Sylvia Plath died in 1963, and this DS 384 was written somewhere around 1967 or 1968, so she had been gone only a few short years. Even though the world in 1968 was already immensely different from 1963, her reputation was on the rise. Knowing Berryman as well as I think I do now, I can’t see that he’d let pass the opportunity to ride this poet’s and this great poem’s coattails upward into the realms of literary immortality. It was too perfect an opportunity. I’ll see your “Daddy” and raise you “Dream Song 384”—don’t forget that literature was a competitive enterprise for this cat. In the end, this isn’t a charitable reading of the poem and its inspiration and purpose either. But I don’t put anything past him. He had a heavy streak of weaselry in him.

To me, it’s not a poem that invites a sympathetic response, even though I believe it was meant to bludgeon the reader into a high-sentimental empathy. Woe is me—is anyone watching?—Woe is me! Many, many readers have fallen for it if that’s so. What rescues the whole thing, though, is that image of the eleven year old boy finding his father dead outside of his window. It’s real, and it’s so sad that we’ll forgive anything after that. Almost anything. Doesn’t matter why it happened, it happened.
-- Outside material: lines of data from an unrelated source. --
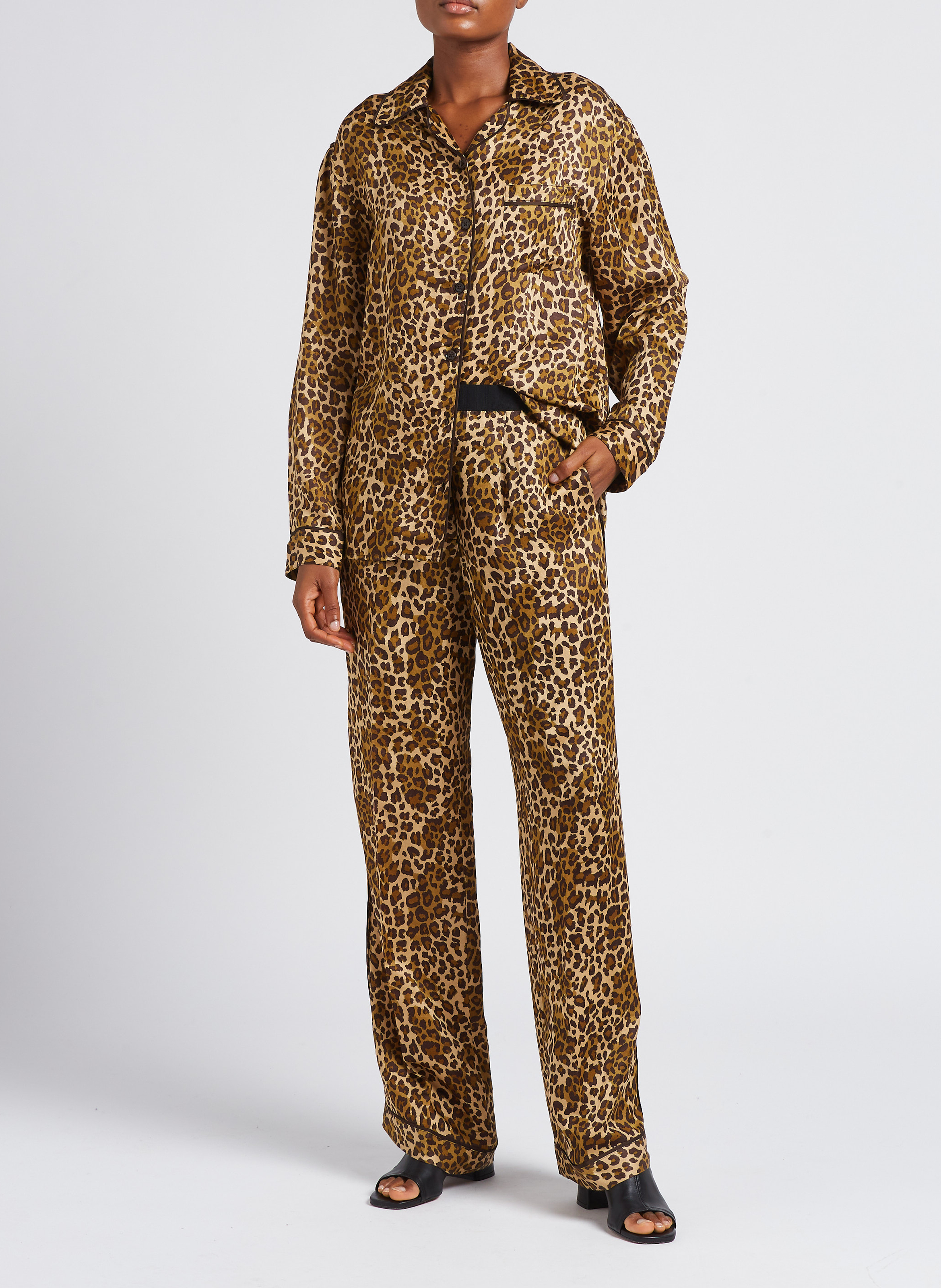 Bluse mit klassischem Kragen und Print LAURENCE BRAS Braun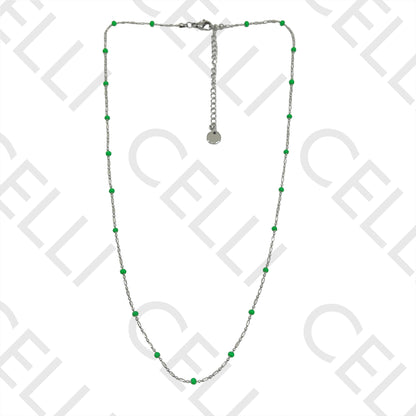 Colar de Aço Simples - bolinhas esmaltadas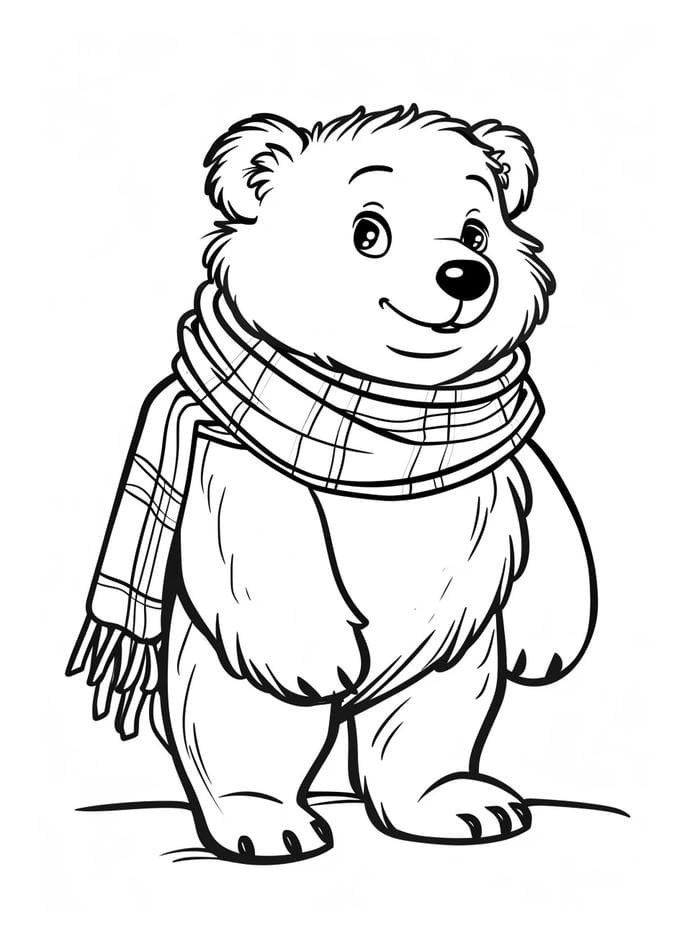 tranh tô màu con gấu đẹp phù hợp mỹ thuật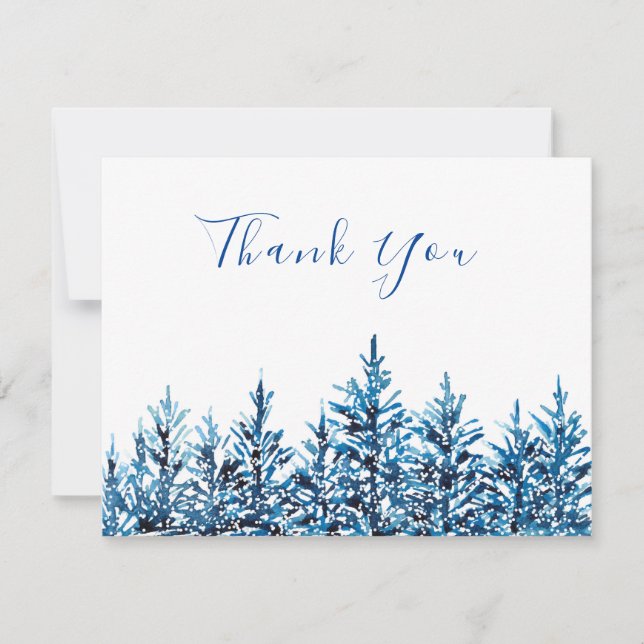 Carte De Remerciements Hiver Aquarelle Bleue Pins Arbres (Devant)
If I voice doubt, accuse him as an adult of posing, of being a weasel, there’s something in me that just cries out to knock it off. Grief is grief, and there is something unseemly and harsh about ever judging it, even after forty years. So, I can bow to that and let it go.

In the end, I think, these various charitable or uncharitable readings don’t compete. They all hover around this poem and contribute to or detract from its validity. But that ambiguity raises the whole thing into a new level of validity! The whole Dream Songs project is about this ambiguity—does he or doesn’t he? Did he or didn’t he? Who was he really? Confessional my foot! But there is that sadness, in the end. That is constant, and what the poem finally leaves you with. If he built an existential house of cards out of the mistakes of his life, it’s that emotion that keeps the whole poetic structure glued together and has saved it so far from blowing away.

1 comment:

  1. Good reading and commentary. I agree, this DS opened the sense that B understood his father's death better than he let on. And yet, it's so melodramatic! "I moan and rave," sheesh. Giving him credit, his language is at the extremes, with the punctuated "o ho" and "ha".

    And at the end, Henry as the King of Diamonds, playing his trump card on the stack.